Chinese New Year is upon us once again. And while I don't pretend to understand why it is sometimes late Jan, sometimes early Feb., I know it is the year of the Dragon, which apparently is a good time to be born (nudge nudge).

Anyway, like any good holiday, food is central, so obviously I'm going to take full advantage. This year I'm going uber-traditional, with some over-the-top ramen noodles.

Hold on a second, my telegraph is buzzing...oh...apparently ramen is a Japanese invention. Well, I haven't made this big of a geopolitical culinary faux pas since I congratulated the French foreign minister for France's greatest culinary contribution, the taco.

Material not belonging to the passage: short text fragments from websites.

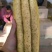 河北安平小白嘴山药，铁杆山药，产地直发，一手货源，质量保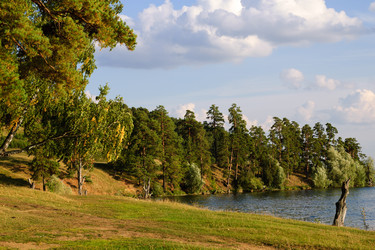 Similar image 13125316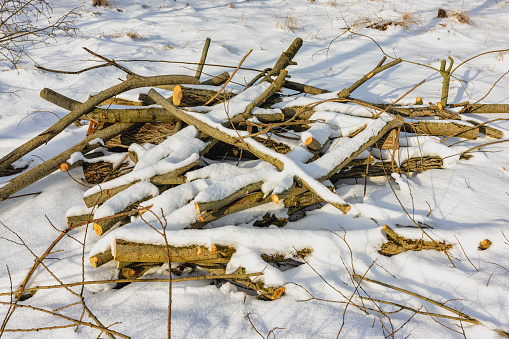 In winter, a pile of trees without branches is cut down in the forest for firewood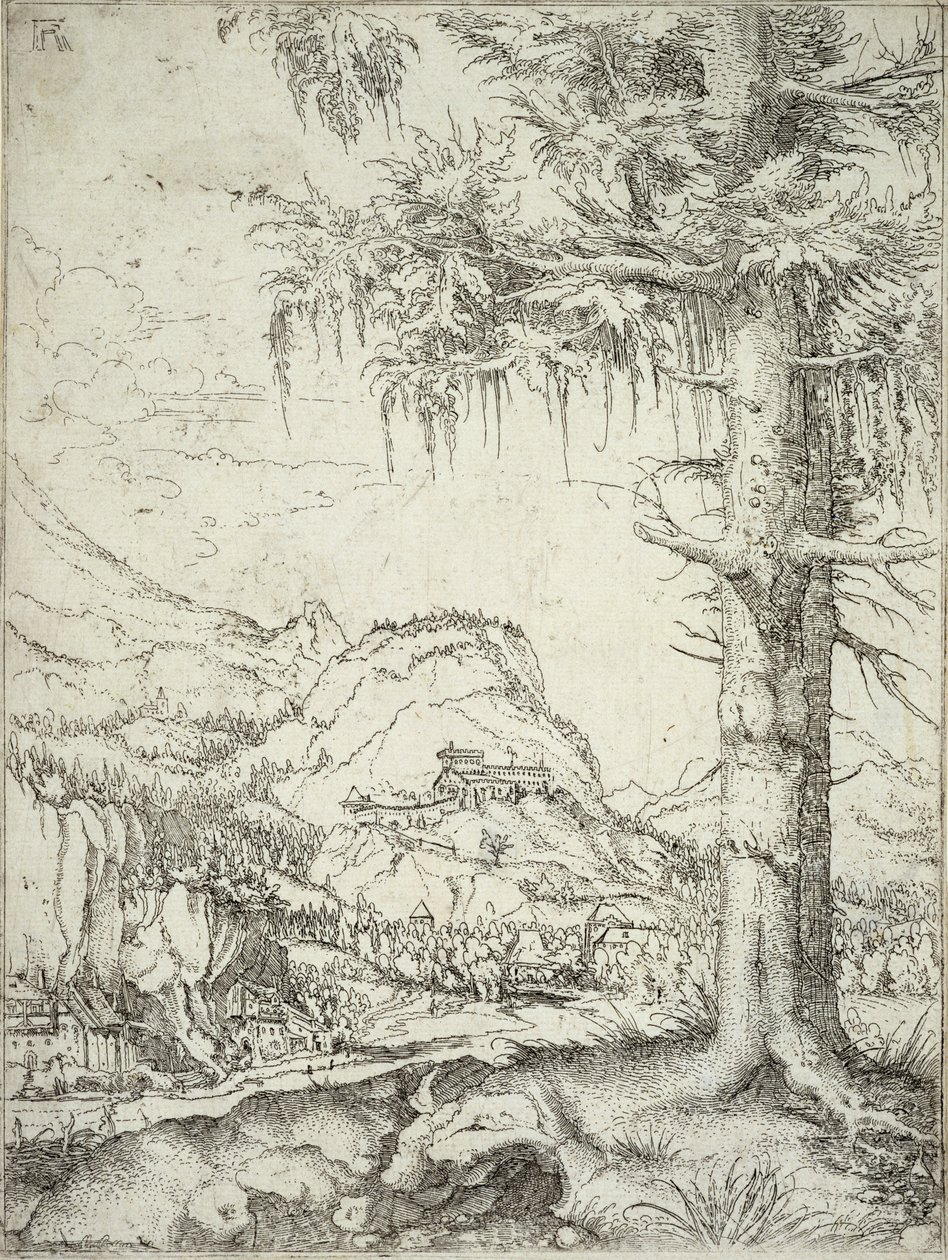 Den stora granen, c.1520 av Albrecht Altdorfer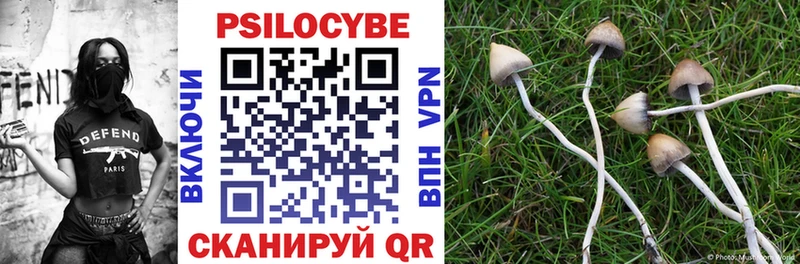 даркнет сайт  Фурманов  Псилоцибиновые грибы Psilocybine cubensis 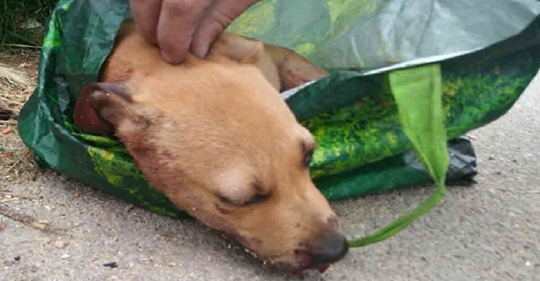 Welpe halbtot geprügelt und in Müllcontainer entsorgt: Polizei schnappt 20 Jährigen Tierquäler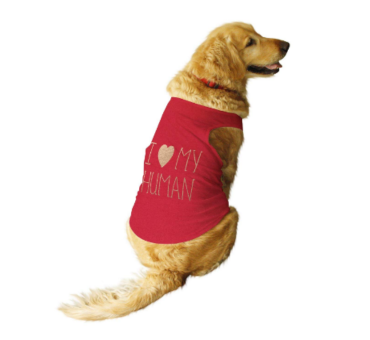 Ruse Summer Dog T-Shirt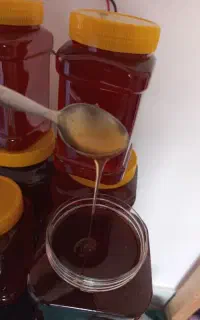 عسل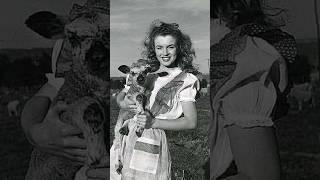 О чем расскажут старые фотографии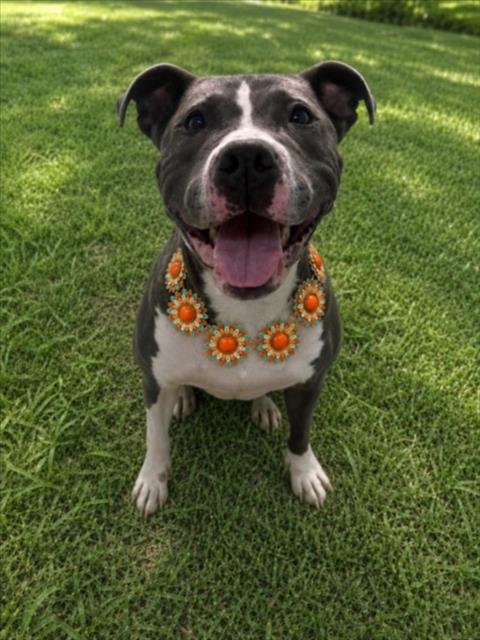 DREAMWEAVER - Pit Bull Terrier for adoption in Troy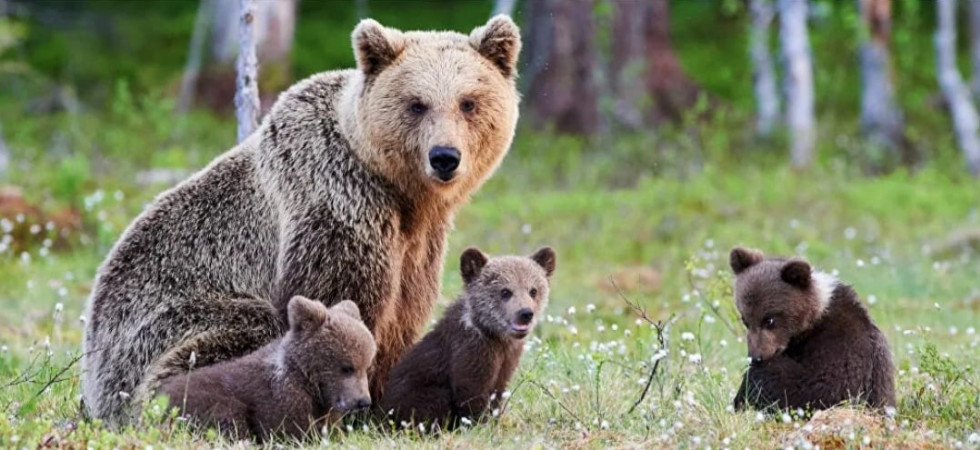 Tragedia di Caldes, nuovo ricorso degli animalisti contro l'abbattimento di Jj4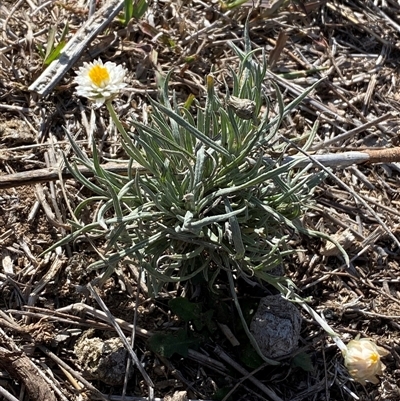 Leucochrysum albicans subsp. tricolor (Hoary Sunray) at Whitlam, ACT - Yesterday by SteveBorkowskis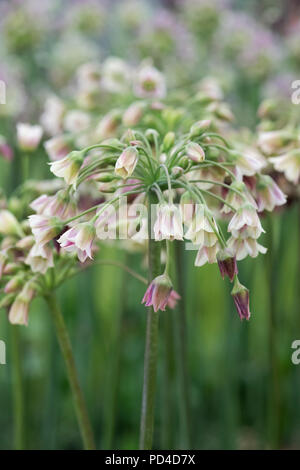 Nectaroscordum siculum bulgaricum subsp. Bulgarische Honig Knoblauch Blume Stockfoto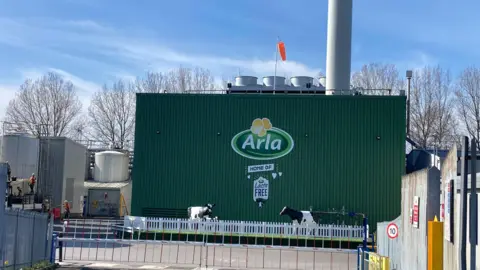 Cathy Killick/BBC A green factory building with Arla's logo on it. Some plastic cows stand in front of it and behind a barrier which appears to block access to vehicles.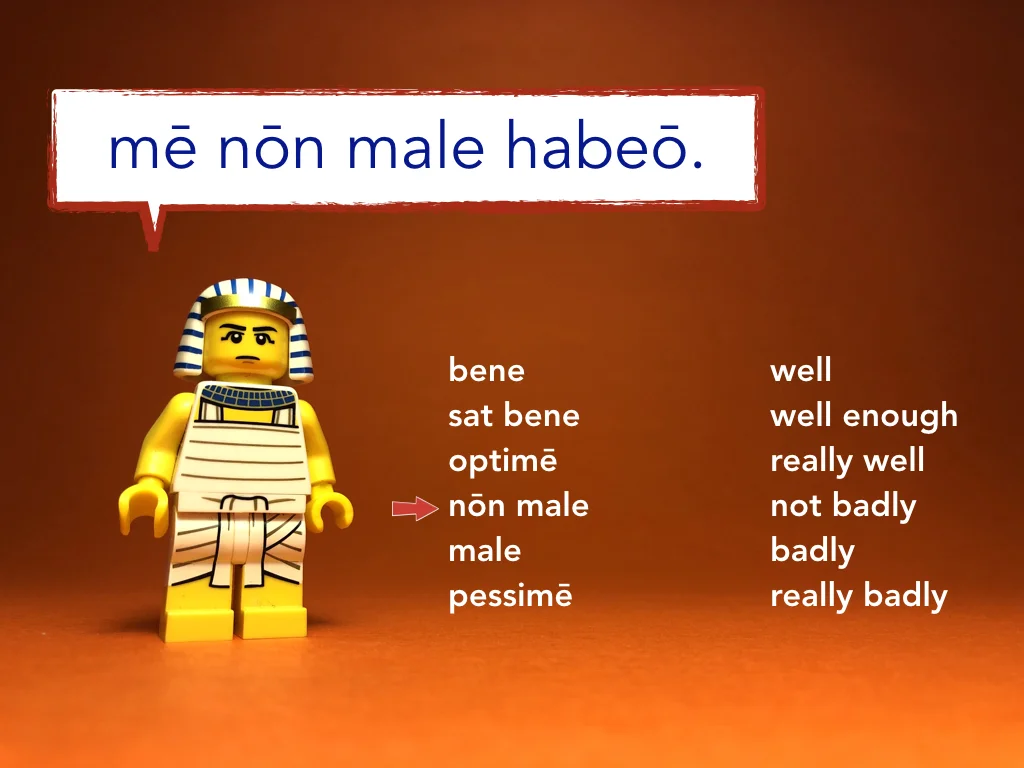 Disco Lesson 3 Remix.029.jpeg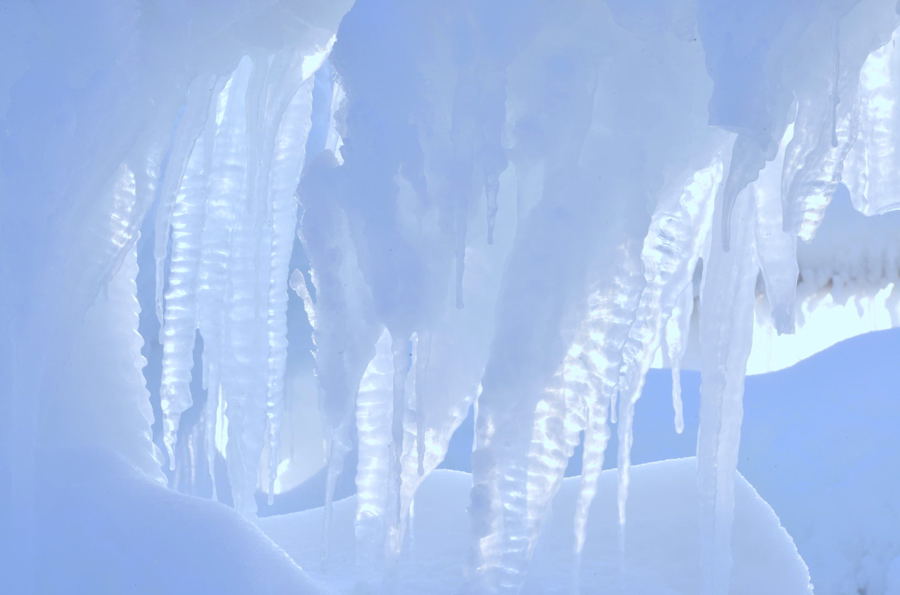 ���ɸ��Ƶı���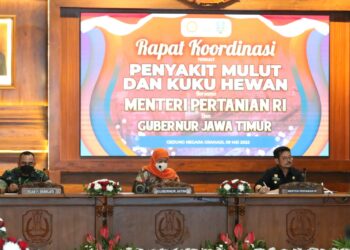 Mentan: PMK Tidak Menular ke Manusia, Kementan Siapkan Strategi Pemberantasan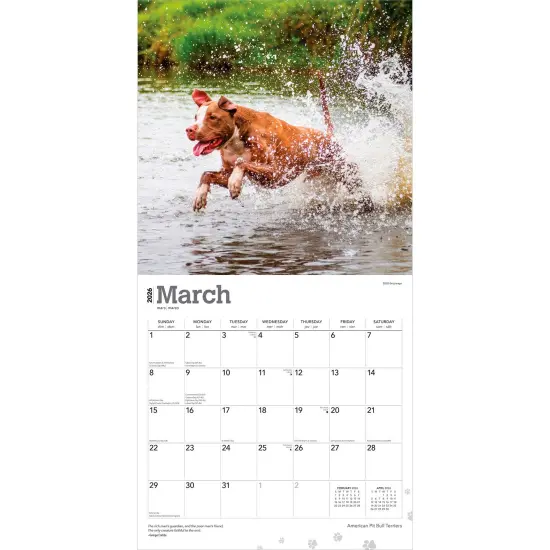 American Pit Bull Terriers | 2026 12 x 24 Inch (Hanging) Monthly Square Wall Calendar | Plastic-Free {3}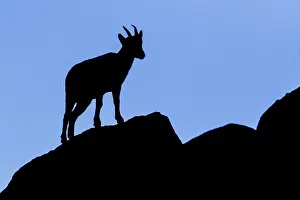 Sierra: Western Spanish ibex - female silhouette - Sierra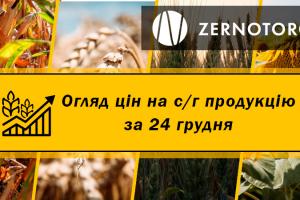 В портах подорожчала кукурудза  — огляд за 24 грудня від Zernotorg.ua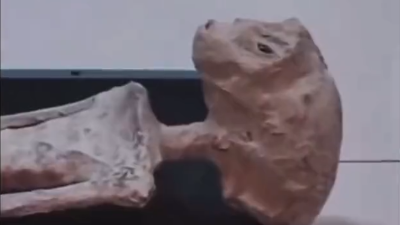 Los cuerpos fueron hallados en 2017.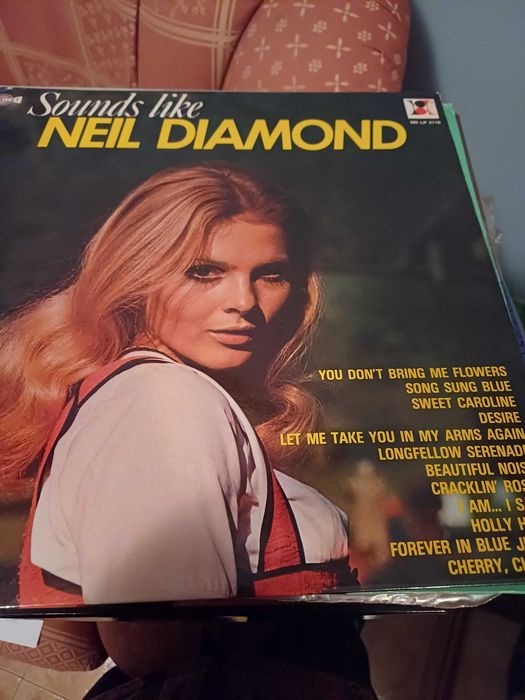 Vários discos de vinil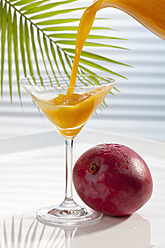 Mangosaft wird neben Mango in ein Martiniglas gegossen - CSF016410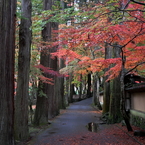 佛通寺 (1) 15.11.09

Ok, back to the food-I'm looking through Momofuku for some ramen inspiration. Wait, the telegraph is buzzing again-shit, just found out the author, David Chang, is Korean-American; guess this meal has nothing to do with Chinese cuisine, but rather loosely-pan-Asian.

Like most of Chang's recipes, we start off with pork, specifically pork shoulder crusted with a 50/50 salt and sugar mix. Roast it in a low (250) oven for about six hours, until it is falling apart (essentially pulled pork):


Roast Pork


I've got homemade ramen noodles on my to-do list, but I'm going with the packaged ones tonight. For the sauce, I whip up some of Chang's ginger scallion sauce, which is apparently his answer to ketchup, as in, it goes on everything. Altogether, not a bad pairing at all (don't forget to bring sriracha to the party):


Ginger/Scallion Pork Noodles

Musical selection, tangential Asian themed: Tom Wait's Big in Japan.

Sunday, January 15, 2012

Cassoulet-Step 2

Second step in my cassoulet series is pretty simple-make the sausage. Again, following the sage advice of Paula Wolfert, I'm going with a simple Toulese sausage, a pork sausage flavored with pancetta, garlic, and nutmeg.

Otto von Bismark once remarked that laws are like sausage, one is better off not seeing them made. I gotta say, he's probably right; meat gets ground up, spices are added, and the whole mess is stuffed in a casing (probably some animal's intestine). Delicious? Yes! Aesthetically pleasing? No way.

I'm on a sous vide confit campaign, so, like the duck, the sausage get packed with duck fat, vacuum sealed, and take a few hour bath.

Next up: the assembly.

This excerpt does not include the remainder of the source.